Exercise instructions =>
Down to the last line, reproduce the data that follows, but skip the pictures.

Stored data =>
______
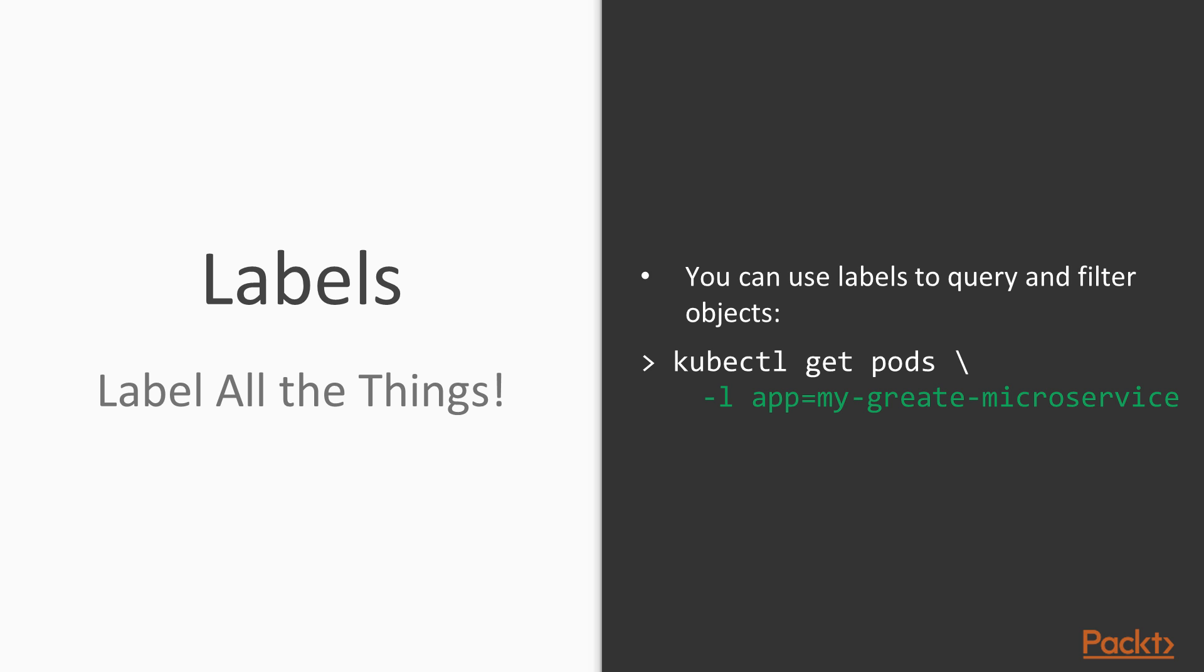You can then use these labels to query and filter objects. For example, you can use the -l switch of the kubectl get command to only list objects with a certain label value. Understanding how labels work is important because we are going to be needing them when defining a replica set.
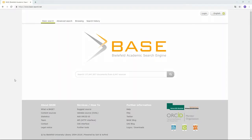In this video, I'll show you how to use the base search engine. When using the standard search engine, you will see the input line known from other pages.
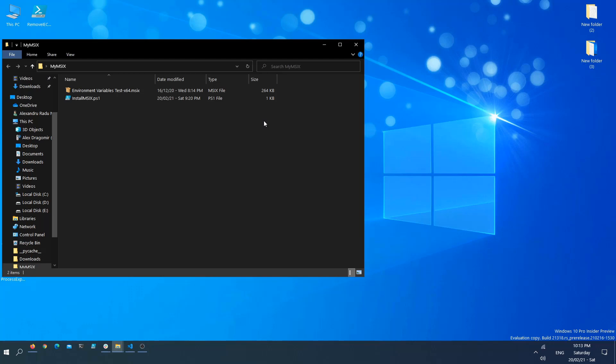In this case, the user wanted to delete that folder before installing the MSIX package. Another scenario was a user who had some local machine registry that he wanted to write before installing the MSIX package.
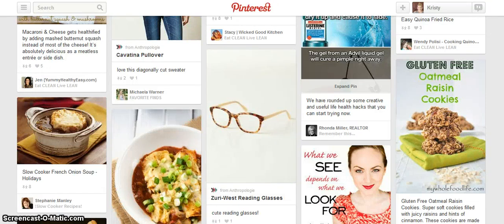Hi, this is Kristy Birch from StudioRestica.com and today I wanted to show you two different Pinterest tools that you can use to integrate your Pinterest account with your WordPress website.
______
Written reply =>
You can then use these labels to query and filter objects. For example, you can use the -l switch of the kubectl get command to only list objects with a certain label value. Understanding how labels work is important because we are going to be needing them when defining a replica set.
In this video, I'll show you how to use the base search engine. When using the standard search engine, you will see the input line known from other pages.
In this case, the user wanted to delete that folder before installing the MSIX package. Another scenario was a user who had some local machine registry that he wanted to write before installing the MSIX package.
Hi, this is Kristy Birch from StudioRestica.com and today I wanted to show you two different Pinterest tools that you can use to integrate your Pinterest account with your WordPress website.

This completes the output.